On July 04, 2012, the Division Bench of this Court admitted the appeal by framing the following substantial question of law:

“Whether the learned Judge in the lower appellate Court substantially erred in law in sending the suit back on open remand merely because he allowed an application for amendment of the plaint filed by the plaintiffs-respondents?”

Mr. Roy, learned counsel appearing for the defendants first contended that it is settled law that the Court should decline amendments, if a fresh suit on the amended claims would be barred by limitation on the date of amendment application. According to him, in the present case when all the relief sought to be introduced by the plaintiffs on November 11, 2009 challenging the deed of conveyance dated October 29, 1999 executed by Renukarani in favour of the defendant no. 2, the deed of rectification dated June 18, 2001 executed Renukarani recording the names of the defendants in the revenue records, in respect of the suit property were hopelessly barred by limitation and the relief allowed to be incorporated in the plaint results in change of the nature and character of the suit, the learned lower appellate Court committed an error of law in allowing the plaintiffs to amend their plaint to incorporate the new relief. In support of such contention, Mr. Roy relied upon the decision of the Supreme Court in the case of

# Revajeetu Builders and Developers vs. Narayanswami and Sons. and Ors. reported in (2009)10 SCC 84

(para-63) He strenuously urged that it is well settled that before passing a direction of open remand of the suit to the learned trial Court, under Order XL1 Rule 23A of the Code, the learned first appellate Court should first set aside the decision of the trial Court on merit. According to him, when the learned lower appellate Court did not set aside the judgment and decree of the learned trial Judge passed after appreciating all the evidence adduced by the parties to the suit, that the plaintiffs have failed to prove either their right, title or interest in the suit property or to be in possession of the suit property on merit, the appellate Court fell in an error of law in allowing the prayer of the plaintiffs to amend their plaint, that after the judgment and decree passed by the learned trial Judg, they were dispossessed from the suit property. On these grounds, Mr. Roy urged for setting aside of the judgment and decree passed by the learned appellate Court.

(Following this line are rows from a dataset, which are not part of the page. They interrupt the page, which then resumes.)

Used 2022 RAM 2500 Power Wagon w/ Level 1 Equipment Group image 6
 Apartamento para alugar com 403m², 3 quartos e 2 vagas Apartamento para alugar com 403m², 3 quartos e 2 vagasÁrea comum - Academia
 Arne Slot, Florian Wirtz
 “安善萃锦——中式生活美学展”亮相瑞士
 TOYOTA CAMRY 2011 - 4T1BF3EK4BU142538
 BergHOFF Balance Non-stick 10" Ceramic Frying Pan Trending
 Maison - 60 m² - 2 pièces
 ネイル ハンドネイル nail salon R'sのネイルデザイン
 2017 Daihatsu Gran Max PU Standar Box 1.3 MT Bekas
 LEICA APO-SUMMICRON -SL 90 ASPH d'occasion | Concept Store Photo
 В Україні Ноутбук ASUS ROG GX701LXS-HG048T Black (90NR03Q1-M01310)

Mr. Gopal Chandra Ghosh, learned counsel appearing for the respondents plaintiffs, however, submitted that from the reports of the two commissioners filed before the learned first appellate Court it is evident that after the judgment and decree passed by the learned trial Judge there is change in the nature and character of the suit property, as the defendants have proceeded with the construction of a building on the suit property and as such the learned first appellate Court cannot be faulted either for allowing the plaintiffs to amend their plaint for bringing on record the subsequent events or to remand the entire suit to the learned trial Judge. According to him, the judgment of the learned lower appellate Court discloses sufficient reasons to support the decision of remand. Relying on the decision of the Division Bench of this Court in the case of

# Mrs. Rekha Mukherjee vs. Asish Kumar Das and Anr. reported in 1999 (1) CHN (Cal) 10

he further submitted that in any event, this Court can exercise powers conferred under Sections 107 and 108 read with Order XL1 and XLIII of the Code and give reasons to sustain the judgment and decree passed by the learned trial Judge. He strenuously urged that the appellate Court has all the powers to permit amendment of the pleadings of the plaintiff(s) and the defendant(s) of the plaint and the written statement, respectively to bring on record subsequent facts even at the appellate stage of the proceeding. He cited a series of decisions of the Supreme Court in the cases of

# Nair Service Society Ltd., vs. K.C. Alexander and Ors. reported in AIR 1968 SC 1165

# Mahila Ramkali Devi & Ors. vs. Nandram (D) Thr. LRs. & Ors. reported in AIR 2015 SC 2270

# Shikharchand Jain vs. Digamber Jain Praband Karini Sabha and Ors. reported in AIR 1974 SC 1178

# North Eastern Railway Administration, Gorakhpur vs. Bhagwan Das reported in (2008)8 SC 511

# Ishwardas vs. The State of Madhya Pradesh and Ors. reported in AIR 1979 SC 551

# M/s. M. Laxmi & Co. vs. Dr. Anant R. Deshpande & Anr. reported in AIR 1973 SC 171

# Pankaja & Anr. vs. Yellappa (D) by L.Rs. and Ors. reported in AIR 2004 SC 4102

and submitted that the plaintiffs were entitled to amend their plaint before the learned first appellate Court to bring on record the subsequent events.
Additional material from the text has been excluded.